EL CURRICULUM
Ando estos días intentando redactar mi
curriculum vitae y la verdad es que no resulta un ejercicio gratificante.
Debes ser sincera, demostrar que estás a
la altura de las circunstancias, resultar ágil, no perderte en disquisiciones.
Todo el mundo te da consejos sobre cómo
redactarlo, como presentarte, como hacer las cosas correctamente.
En las redes sociales, en internet puedes
encontrar modelos de curriculum, tutoriales, consejos, comentarios.
Y el resultado siempre es el mismo.
Frustración.
Porque sabes desde el minuto 0 que nunca estarás
a la altura de lo que el mercado laboral exige, demanda.
Cuando era joven, nunca cumplía una de
las exigencias más importantes de lo que ahora llaman perfil: experiencia. Lo
cual resultaba lógico, puesto que no la tenía. Si era joven y por tanto acababa
de entrar en el club de los adultos era imposible que tuviese experiencia.
Ahora que soy mayor, digamos que madura,
que tengo la experiencia y conozco mis posibilidades y mis limitaciones, tampoco
encajo en las demandas laborales.
Porque el perfil solicitado habla de
juventud con experiencia. Es de locos lo sé, pero es así.
No importa lo que haya hecho, ni cuanto
me haya esforzado. No importa lo mal que lo esté pasando ahora y cuanto
necesite el trabajo. No estoy a la altura.
Si a esto le añades ser mujer, estar más
cerca de los 50 que de los 30, que tu aspecto físico no sea particularmente
atractivo y que para caminar te ayudas de un bastón, en el mejor de los días,
la cosa pinta peor. Ni siquiera escuchas la tradicional frase de “te llamamos
en 15 días”.
Y no la escuchas porque para rematar la
jugada, ahora para acceder al mercado laboral debes inscribirte en portales de
internet en los que las pocas empresas que todavía funcionan “cuelgan” sus
demandas.
Me comentaba una buena amiga que resulta
descorazonador comprobar cómo menos de dos horas después de responder a una
oferta de trabajo, tu perfil aparece marcado como “descartado” y que la razón
principal es que a tu edad aportas experiencia pero no juventud.
No importa el esfuerzo que te ha costado
mantenerte vivo, madurar, crecer, luchar, perder batallas, recuperarte,
frustrarte, intentar plantar cara a cada nuevo día, no rendirte. No importan
las lágrimas, las sonrisas, los rechazos, los errores, los aciertos.

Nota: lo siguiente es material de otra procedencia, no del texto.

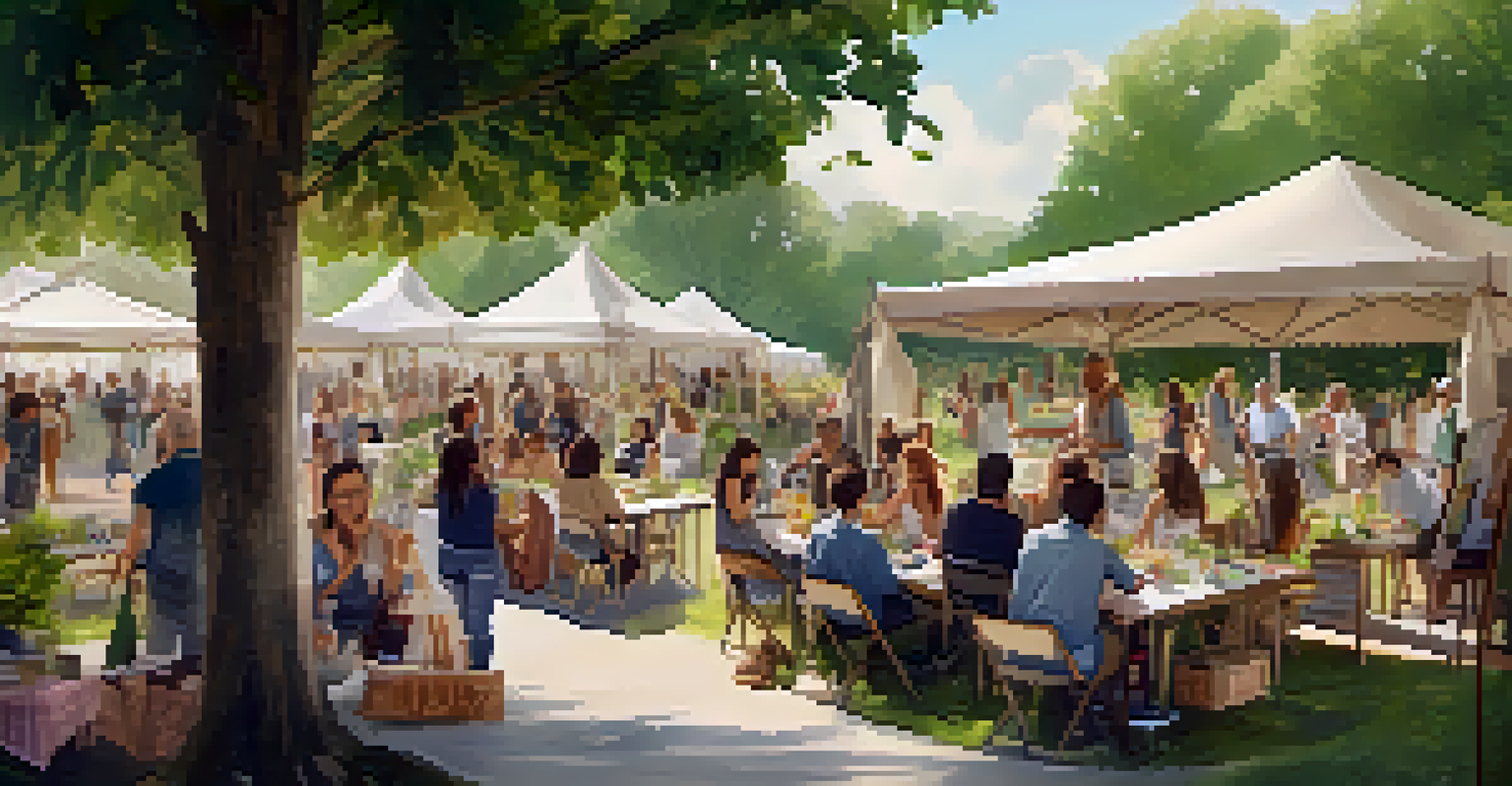 A community event in a park promoting sustainable fashion, with people participating in workshops and showcasing handmade clothing amidst greenery.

Si el mercado dice que estás fuera, estás
fuera y punto. De ti se espera la dignidad suficiente para que te sientes en la
cuneta, en silencio y no molestes demasiado. Es imprescindible que no hagas
ruido. No es elegante.
Así que en estado de shock y sin entender
cómo te han pillado desprevenida te sientas y repasas tu vida, intentando
descubrir en qué punto, en que recodo del camino te perdiste, que señal
ignoraste. Pero por mucho que reflexiones, pienses o te estrujes la meninge, sigues
sin entenderlo.
Veamos…
A mí me matricularon en una escuela
municipal de Barcelona a los tres años (1968). Digamos que fue la única
solución que encontraron mis padres para lidiar con un espíritu libre e
inquieto que a los dos años ya sabía leer y memorizaba cartas leídas en voz
alta, conversaciones y textos varios, y que posteriormente citaba textualmente
ante quien le prestase atención, al desconocer las reglas sociales más
esenciales, en particular la discreción y la privacidad.

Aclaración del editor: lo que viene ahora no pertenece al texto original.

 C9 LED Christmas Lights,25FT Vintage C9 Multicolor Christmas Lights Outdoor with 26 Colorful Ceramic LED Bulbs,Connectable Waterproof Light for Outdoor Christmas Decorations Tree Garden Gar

Desde el primer día mi asistencia al
centro escolar resultó un desafío para las maestras, puesto que captar mi
atención durante más de diez minutos era una tarea agotadora. Y puesto que
dominé el área verbal desde el primer cumpleaños solía interferir en el proceso
de aprendizaje académico de mis compañeras.
A los cinco años (1970) la directora del
centro, solicitó una evaluación psicológica de las todas las alumnas, desde las
más pequeñas hasta las que aquel curso acabarían la E.G.B. (Educación General
Básica).
El resultado de las pruebas permitió
conocer el rendimiento académico de las alumnas y teóricamente corregir y
mejorar el sistema de trabajo.
Años más tarde mis padres me informaron
del resultado de la prueba y me permitió comprender porque era “rara”, porque
no encajaba en ningún lugar. Pero nada más.

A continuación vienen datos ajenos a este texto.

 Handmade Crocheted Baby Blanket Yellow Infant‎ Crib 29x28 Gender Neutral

En los años siguientes pasé la mitad de
mi tiempo en clase, intentando ser “normal” y la otra mitad luchando por mi
vida…fiebre tifoidea, rubeola, espasmos digestivos, fiebres reumáticas,
tratamientos con bomba de cobalto, reposo absoluto, cardiopatías, problemas
óseos…
En clase me aburría soberanamente,
enredaba, molestaba a mis compañeras hablando sin parar. Las profesoras
alternativamente me sentaban en una mesa sola, en su propia mesa o en una mesa
individual junto a la mesa de la profesora.
Las matemáticas eran la roca contra la
que mi pobre mente se estrellaba constantemente. Porque fue en ese tiempo
cuando el Ministerio de Educación y Ciencia decidió que debíamos pasar de sumar
2+2=4 a los Diagramas de Venn, las Intersecciones entre conjuntos y otras
maravillas matemáticas que resultaban abstractas e incomprensibles…
Por fortuna cuando estaba enferma, podía
dedicarme a lo que realmente me gustaba. Leer. Oh sí. Me perdía, abandonaba la
realidad, las paredes de mi habitación desaparecían, el mundo gris que me
rodeaba desaparecía y sin esfuerzo alguno, me trasladaba a lugares
maravillosos, compartía mi tiempo con personajes increíbles, nadie me juzgaba,
nadie me hacía sentir mal, nadie me humillaba.
Hasta el Sexto grado permanecí en la
misma escuela, en la que únicamente se permitía la matriculación de chicas.
Cuando acabó aquel curso, mi familia
cambio de calle, de casa, de trabajo y yo además cambié de escuela.
Y acabé en un centro privado, mixto,
bastante caro para una familia de clase trabajadora. Mi nueva casa era una
mezcla de hogar y trabajo. Ya os hablé en el texto anterior de la portería,
estilo Arriba&Abajo.
A partir de entonces mi vida resultó más
complicada si cabe. Era distinta. Y mis nuevos compañeros y mis compañeras me
lo hacían saber siempre, a cada momento. No éramos niños ni éramos adultos.
Habíamos llegado a esa espantosa fase humana llamada adolescencia denominada
también edad del pavo.
La novedad más importante de aquel nuevo
centro académico consistía en que si no me rescataban los Dioses
Misericordiosos, con suerte saldría de allí en plena vejez, es decir a los 20
años.
Como imagináis los Dioses Misericordiosos
no escucharon mis plegarias y a punto estuve de abandonar aquellos edificios en
la treintena.
Logré aprobar la E.G.B. y por tanto el
Graduado Escolar con una nota bastante aceptable, al menos para mí.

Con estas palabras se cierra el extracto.